Dopo vent’anni la moglie decide di separarsi, chiede gli alimenti per il figlio e continua a vivere nella casa che R. aveva arredato su misura da solo, nel tempo libero. Il figlio ora lo vede poco, mentre il nuovo compagno della moglie lo cresce al posto suo.

Il denaro in banca è sparito come anche il lavoro, e soldi in tasca niente.

R. ha viaggiato in tutto il mondo, ma il suo posto, dice di averlo trovato in Venezuela. C’è stato quest’estate con un amico, anche lui separato, e vuole provare ad aprire qualcosa là. Gli piace il calore della gente, l’umiltà, la semplicità delle persone. Forse aprirà un baretto sulla spiaggia, o una guesthouse per turisti, anche se non è più facile come una volta – gli hanno detto alcuni italiani che vivono lì.

Là ha incontrato una donna che “neanche la più bella di qui le allaccia le scarpe” , ma fa la una prostituta.

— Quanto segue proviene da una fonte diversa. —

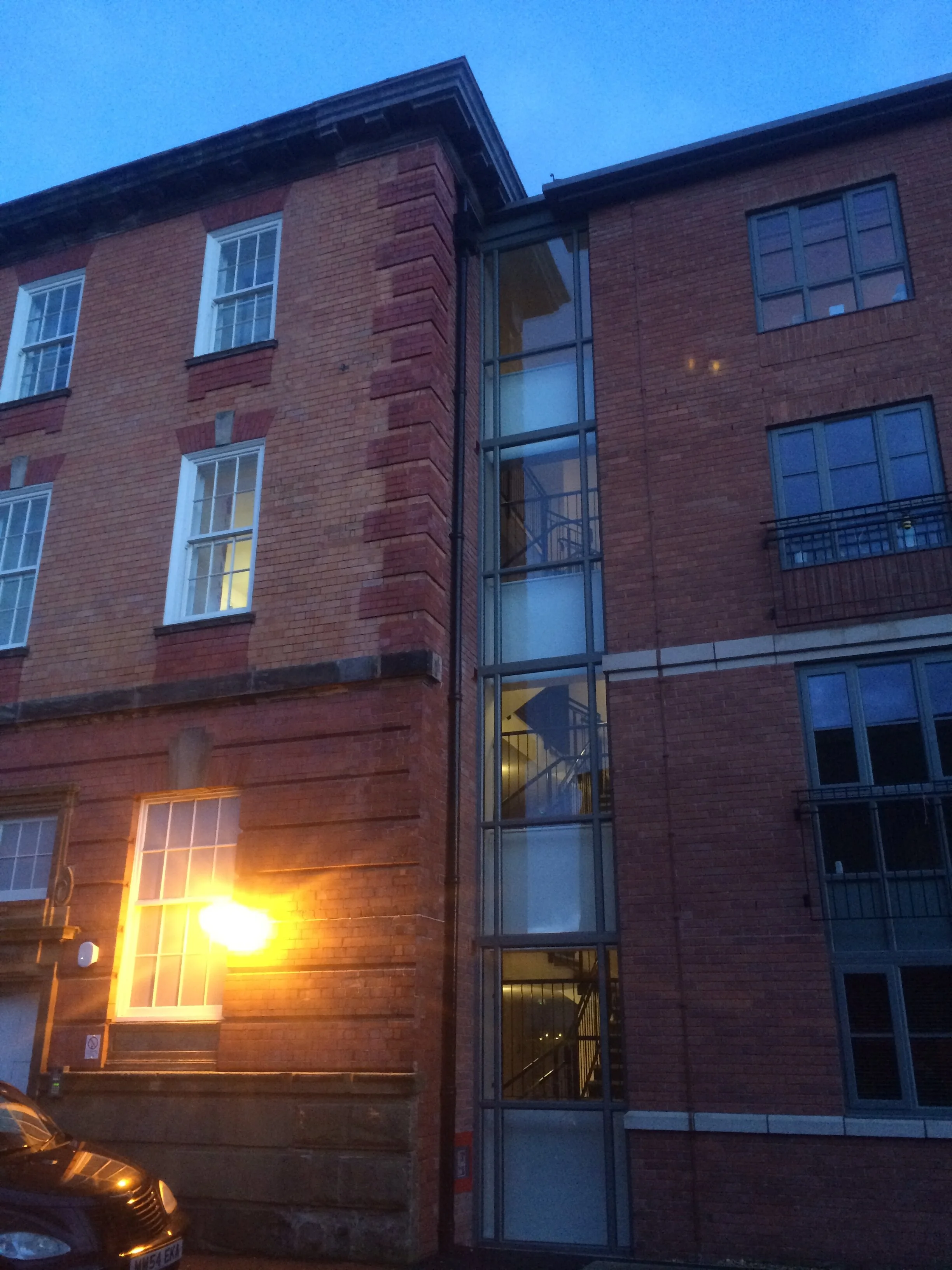 Station Road - Chester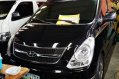 Selling Black Hyundai Starex 2011 Automatic Diesel-0
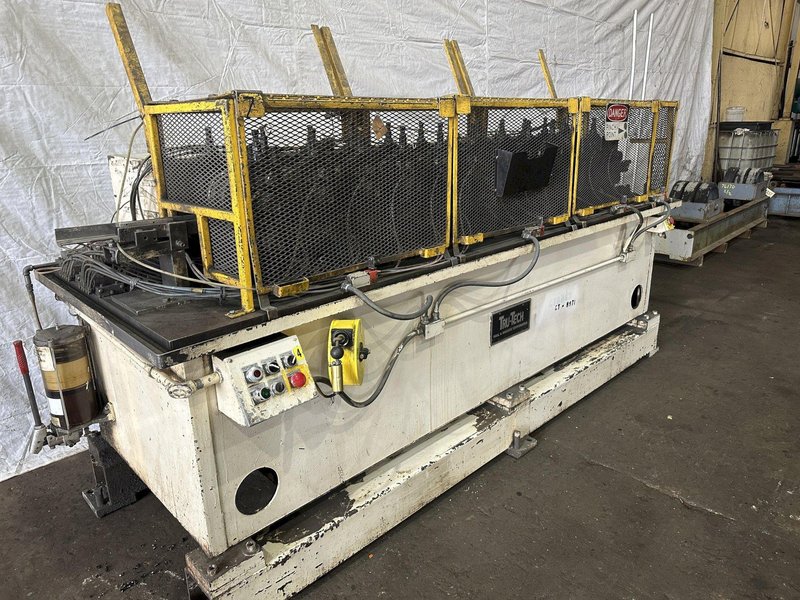 12 STAND X 2&quot; TRU TECH ROLLFROMER: STOCK #77098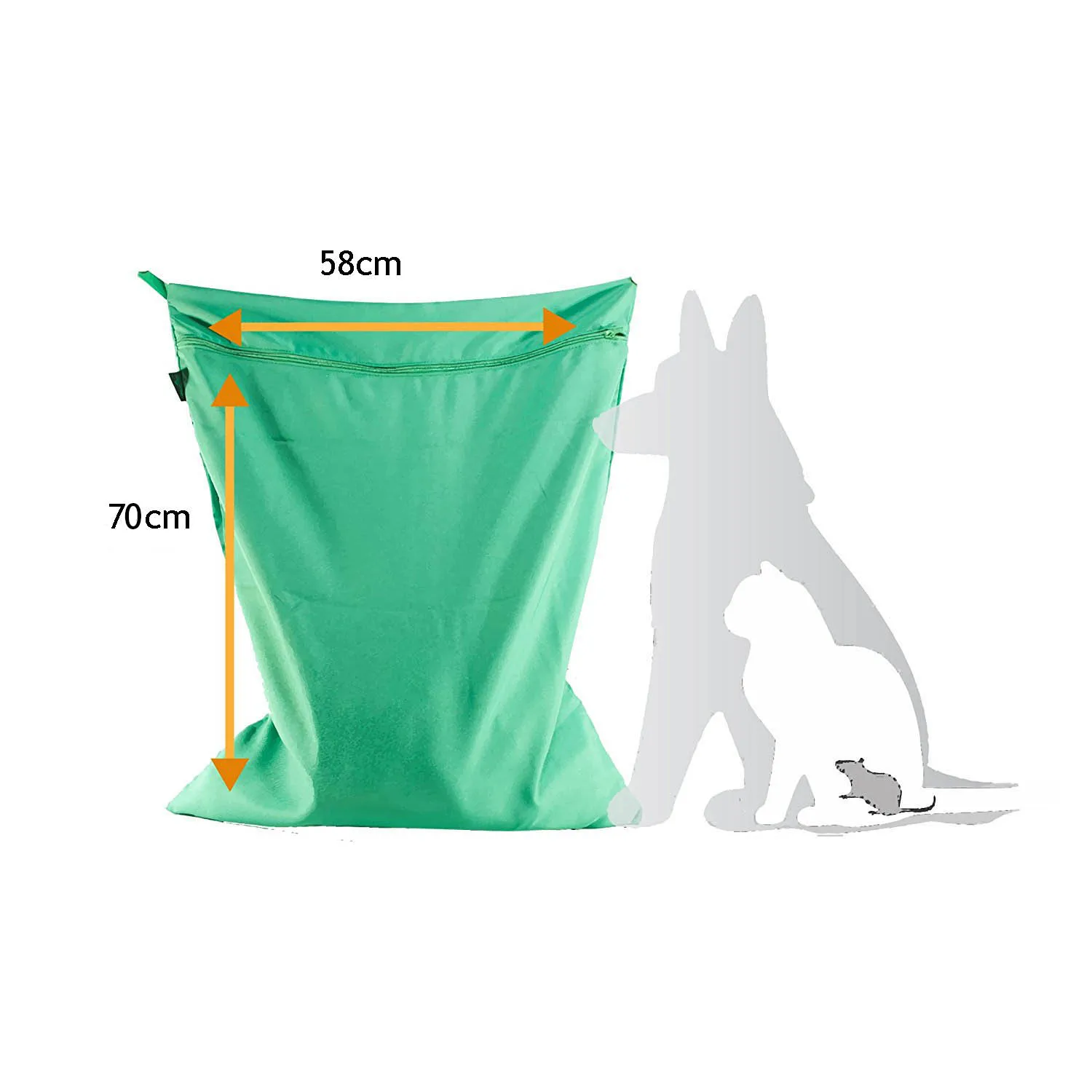 Pet Laundry Bag For Washing Pet Dog Cat Blankets And Rugs Buy Pet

Dice che fin da piccole le ragazze sanno che quello sarà il loro mestiere; eppure a lui non gli ha mai chiesto soldi. Neanche quando mangiavano pesce al ristorante, e facevano finta di essere fidanzati. Lei però un fidanzato ce l’ha già, è australiano ed è -in gergo – il suo sponsor: le compra i vestiti, le manda denaro, l’aiuta a vivere meglio. R. sa che questo non è amore, ma lei è riuscita a farlo sentire bene.

Guardo R. mentre si confida, in fondo non ci conosciamo neppure, deve aver pensato che aprendosi, non sarebbe stato giudicato. O forse, tutto quel tramestio doveva venire fuori.

Guardo R. mentre mi parla dei suoi progetti, della sua fuga e vedo un uomo che non sa dove andare. I suoi occhi verdi, quasi ingenui, sono smarriti; sono occhi di chi cerca e annaspa, di chi cammina e incespica. 

Ricominciare da zero in Italia, tentando di aprire un’attività è impossibile, tra le tasse, gli affitti e le regolamentazioni restrittive, il fallimento è garantito; R. crede che in città la gente ormai pensi solo ai soldi e a come fregare i turisti, e la mentalità contadina sta scomparendo con gli ultimi vecchi che se ne vanno.

R. non è né il primo né l’ultimo a navigare su una secca aspettando il colpo di vento capace di cambiare tutto. Se una volta – per senso comune o “per i figli” – le coppie continuavano a tenersi strette nonostante i terzi incomodi, ora i divorzi tra i quarantenni sono la scelta primaria.

Il risultato dello sbriciolamento di un progetto di famiglia, sebbene possa da un lato prospettare scenari di un’esistenza all’insegna della libertà, ha creato una generazione di uomini privi di direzione, feriti dalla delusione di un amore inabissatosi tra le reciproche recriminazioni, incapace di poesia.

Purtroppo, il miraggio di una vita fatta di indipendenza e leggerezza, nasconde tra le pieghe un ben più cinico realismo,  ingnorato dai più, fatto di un’edulcorata solitudine.